"My initial reaction was, 'Wow, that's scary,'" Shep says. 'She's gonna be my responsibility.' But it was also exciting, because I was alone, basically. I had made the decision early on, when I decided to become emotionally involved with the kids, that I didn't want them coming out every summer seeing a different woman in my life—which fit well into my fear of attachment. It became very convenient."

Amber enrolled in school on the Big Island, taking a puddle jumper back to Shep's house on weekends. "I was doing parents' day, going to wrestling matches—she was a wrestler," Shep says. "It felt so good to be part of a unit. And she gave me so much love. As soon as I really started parenting Amber, I realized, 'This is what I want to do. This makes me happy.'" Soon after, Keira moved to Hawaii, too.

There was a learning curve—like the time Amber said, "Can you take me to the drugstore?

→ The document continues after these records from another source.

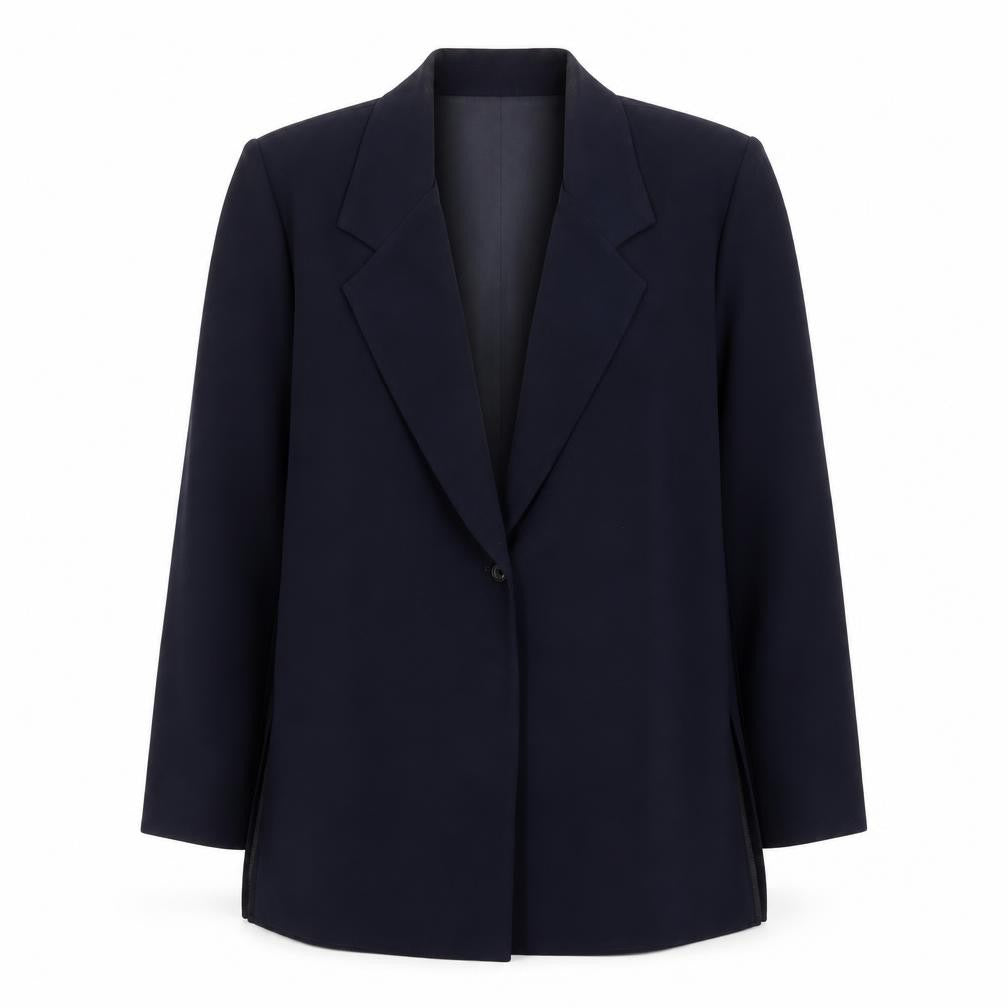 Front view of Spice women’s blue polyester jacket blazer, size UK 12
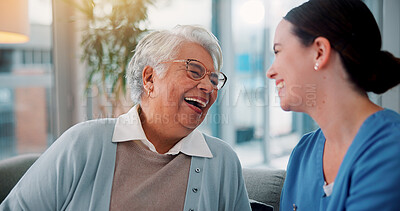 Buy stock photo Elderly woman, nurse and laughing on sofa for funny conversation, medical support and bonding. Senior patient, caregiver and happy for homecare assistance, kindness and compassion in retirement home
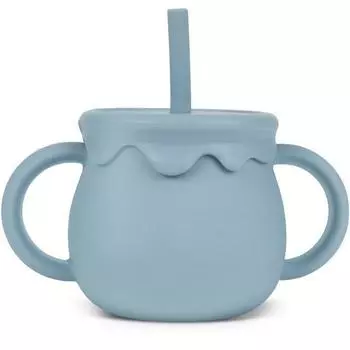 Little Cloud Baby Honey Pot Мульти-силиконовая соломенная чашка 250 мл, 1 шт, пыльно-синий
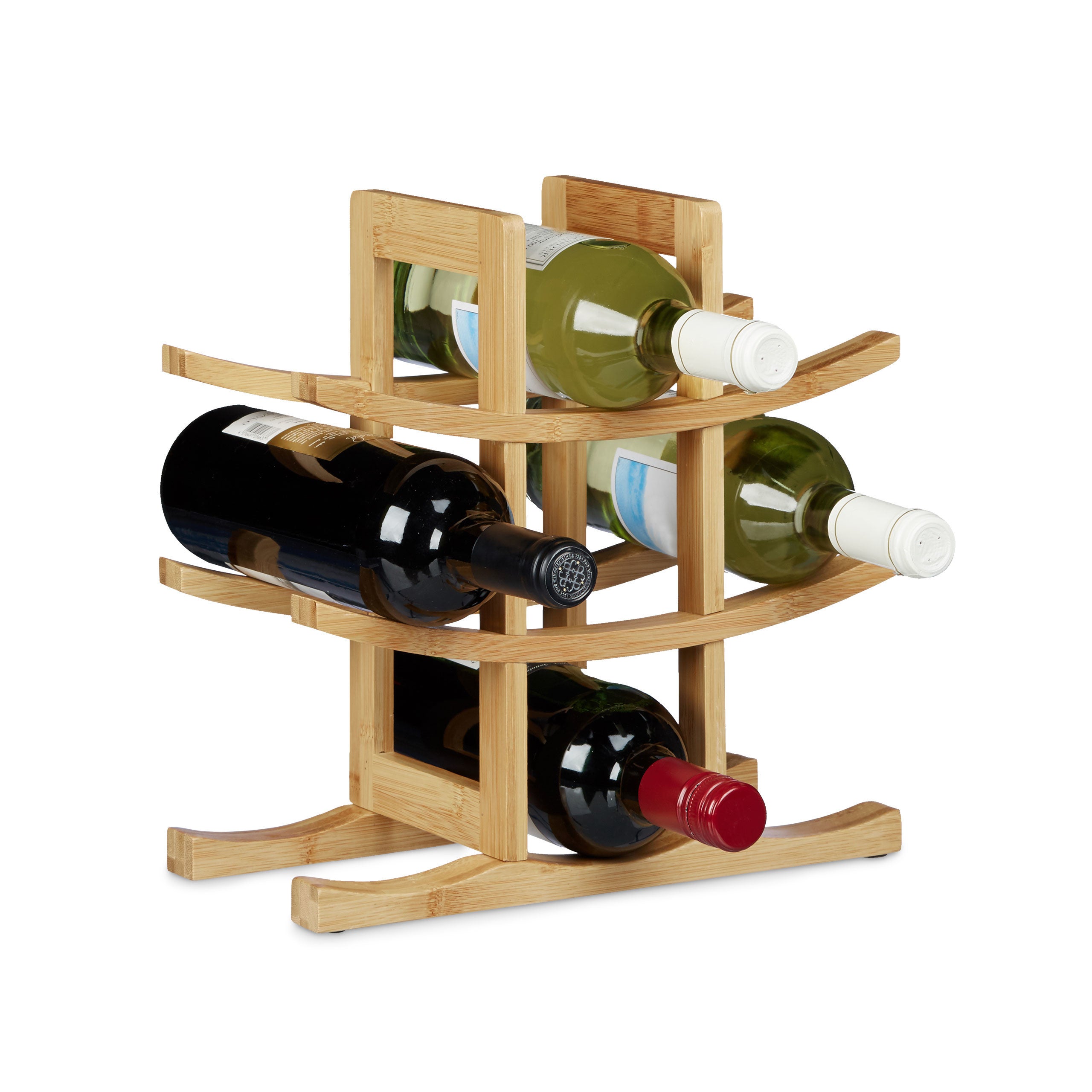 Porte-bouteilles Relaxdays En Bambou - 9 Bouteilles - 30x30x14,5cm - Stockage Horizontal - Style Japonais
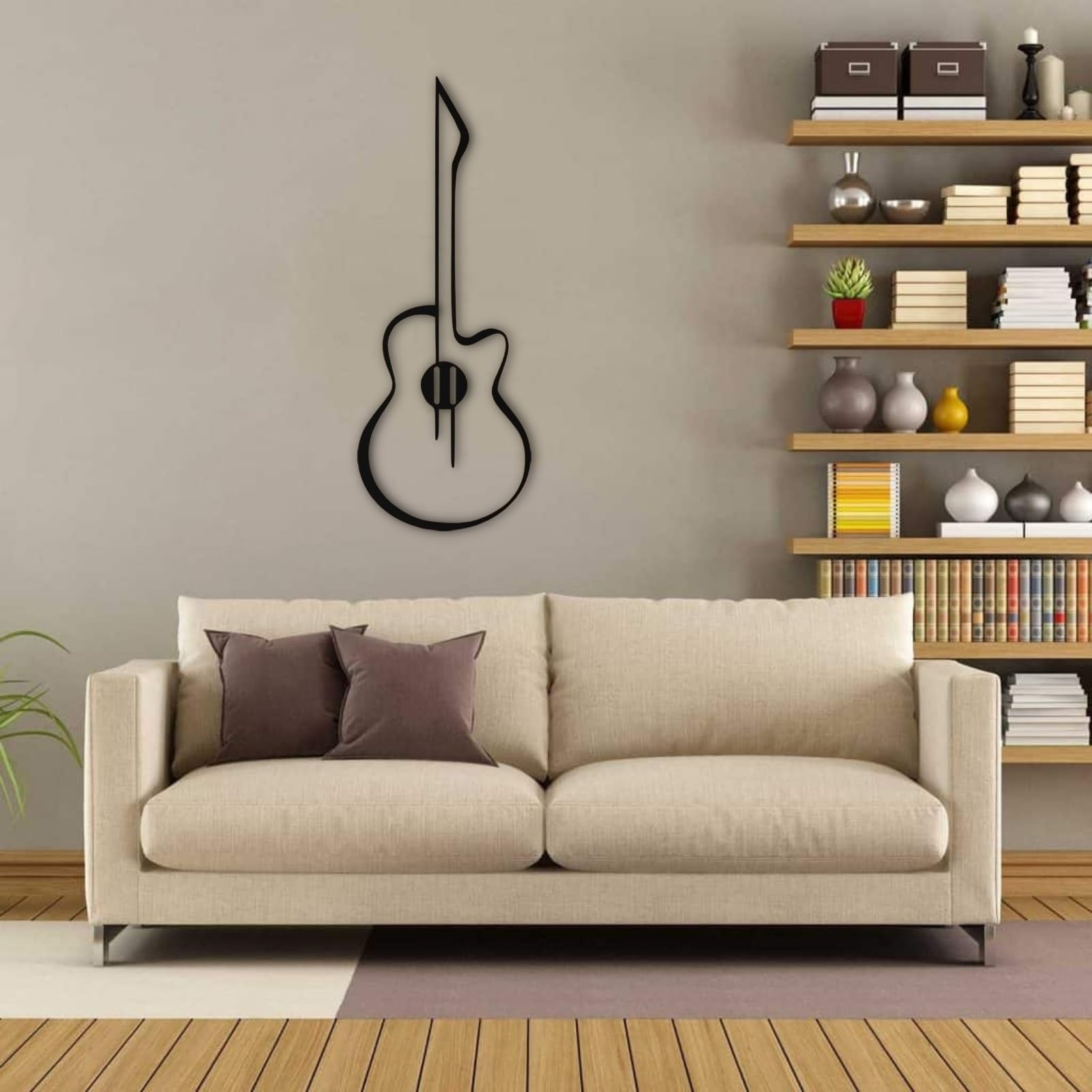 Bisamu Metal Guitar Wall Art Decor - Minimalist Music Themed Home Decor for Men, Housewarming Gift (12.2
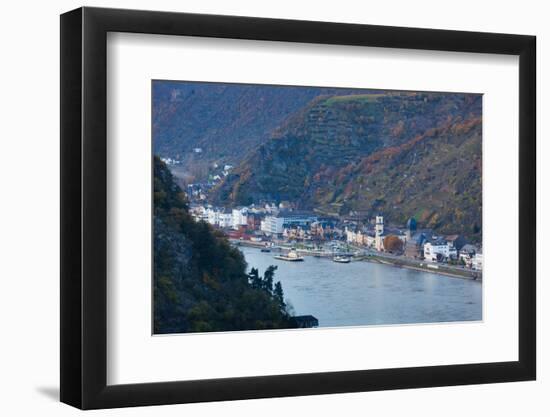 Elevated view of town along Rhine River, Sankt Goarshausen, Rhineland-Palatinate, Germany-null-Framed Photographic Print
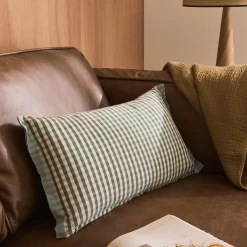 Coussin*alinea Coussin à carreaux en coton finition volant 30x50cm - Bleu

Please don't come in." "I had no idea what she was talking about," Shep says. "But with Keira, I was ready: 'Oh, you're buying Tampax?'" The facts-of-life talks were pretty much a bust; while he was driving the girls somewhere, he remembers saying, "'One of my duties is to talk to you about safe sex...' And they just sort of laughed at me." When it was time to shop for school supplies, he'd simply tell the girls they could get whatever they could fit in the cart in 20 minutes. "You should have seen them tearing around," he says with a laugh. "The mall became very important, and there were a lot of trips to Taco Bell."

Now Amber, 23, sweet-faced and joyful, lives with the Coopers while attending Arizona State, where she's a senior. "Clearly, you can look at us and know we're not the norm," she says of her exotic family. "Everywhere Shep and I go, especially in L.A., everyone thinks I'm his young, trashy girlfriend and he's an old creep. We laugh about it. But I am so grateful and blessed. Every girl dreams about her wedding, and I know the day I get married, Alice and Shep are walking me down the aisle."

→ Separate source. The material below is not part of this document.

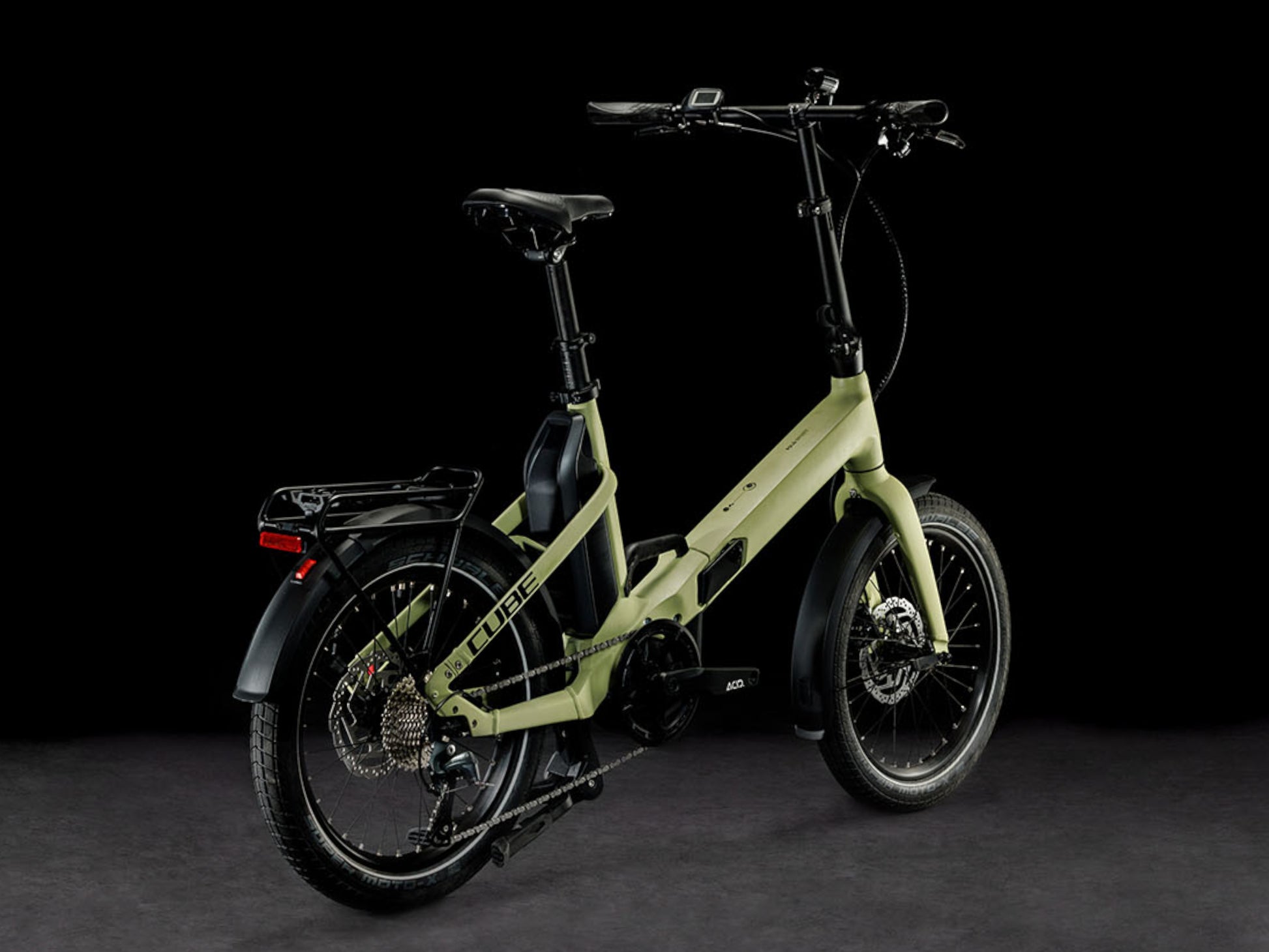 Cube Fold Sport Hybrid 500 electric bike green n black back right side profile on Fly Rides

In some respects, Shep is still feeling his way as a father figure. Recently, Keira, the one who called him Poppy Shep when she was a baby, who spent the better part of her toddler years in his arms, found herself questioning their closeness. Now 20, attending community college in Hawaii, she even wondered if Shep really loved her.

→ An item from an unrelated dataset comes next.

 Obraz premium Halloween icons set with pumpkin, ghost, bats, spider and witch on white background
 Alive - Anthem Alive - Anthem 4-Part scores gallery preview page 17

When he heard this, Shep was shocked. "I called her and said, 'Listen, I understand that I'm a horrible communicator,'" he says. "'I'm just not good at human connection. But my intentions are good.'" They talked through some particulars—"and once I heard what she had to say, I understood it completely. Because I don't express myself, and I'm not physical. But we had this beautiful breakthrough, and now we text each other ten times a day."